In Q3 FY26 (December 2025 quarter), sales came in at ₹301 Cr, down 11.7% YoY. PAT? A spicy ₹-23 Cr. EPS? –5.81. Meanwhile, debt stands at ₹513 Cr and interest coverage is a microscopic 0.13.
And yet… this is a company with 6 manufacturing facilities, 10,000 dealers, 222+ international customers across 74+ countries, and a massive capex cycle underway.
So what happened? Is this a temporary agrochemical winter or a structural margin drought?
Let’s dig in like a forensic accountant with a pesticide mask on.
2. Introduction – From IPO Darling to Margin Mayhem
Heranba started in 1994 and built its empire around Synthetic Pyrethroids — a fancy word for insecticides that farmers spray when insects get too ambitious.
Over time, it expanded into:
Intermediates
Technical grade chemicals
Formulations
Public health pest control
At one point, Technicals contributed 67% of revenue (FY22). Now in FY24, Technicals and Formulations are evenly split at 50–50.
Sounds like diversification. But here’s the catch: while revenue mix evolved, profitability decided to go on spiritual retreat.
TTM PAT is negative ₹61 Cr. FY25 PAT was just ₹2 Cr. FY24 PAT: ₹34 Cr. FY23 PAT: ₹104 Cr.
That’s not a slowdown. That’s a reverse rocket.
And the market?

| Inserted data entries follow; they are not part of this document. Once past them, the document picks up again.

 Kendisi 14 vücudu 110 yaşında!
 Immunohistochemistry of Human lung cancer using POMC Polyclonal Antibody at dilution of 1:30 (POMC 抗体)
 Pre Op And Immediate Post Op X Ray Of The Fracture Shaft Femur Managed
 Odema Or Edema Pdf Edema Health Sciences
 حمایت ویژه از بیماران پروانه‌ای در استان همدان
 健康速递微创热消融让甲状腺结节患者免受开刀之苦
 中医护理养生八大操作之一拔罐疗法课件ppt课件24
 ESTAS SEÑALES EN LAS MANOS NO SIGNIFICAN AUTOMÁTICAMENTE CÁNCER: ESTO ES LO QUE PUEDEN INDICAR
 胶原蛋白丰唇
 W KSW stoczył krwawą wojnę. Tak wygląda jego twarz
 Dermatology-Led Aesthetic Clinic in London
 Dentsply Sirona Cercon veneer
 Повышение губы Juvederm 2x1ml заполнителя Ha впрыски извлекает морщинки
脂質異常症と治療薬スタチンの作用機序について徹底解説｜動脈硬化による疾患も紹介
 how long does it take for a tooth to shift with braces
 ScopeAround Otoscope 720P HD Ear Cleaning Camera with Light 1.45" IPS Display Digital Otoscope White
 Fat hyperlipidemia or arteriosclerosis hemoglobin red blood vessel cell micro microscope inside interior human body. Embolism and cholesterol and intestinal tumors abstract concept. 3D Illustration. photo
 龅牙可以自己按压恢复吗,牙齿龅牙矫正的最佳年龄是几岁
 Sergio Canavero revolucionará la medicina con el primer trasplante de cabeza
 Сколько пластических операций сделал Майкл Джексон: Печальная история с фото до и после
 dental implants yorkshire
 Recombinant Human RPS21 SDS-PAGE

It shaved 36% off in 6 months.
The big question: Is this cyclical agro pain or something more structural?
3. Business Model – WTF Do They Even Do?
Imagine this chain:
They manufacture intermediates like CMAC and High CIS CMA.
These are used to make Technical pesticides.
Then those are turned into branded formulations like Hauris, Glory, Progress Plus, etc.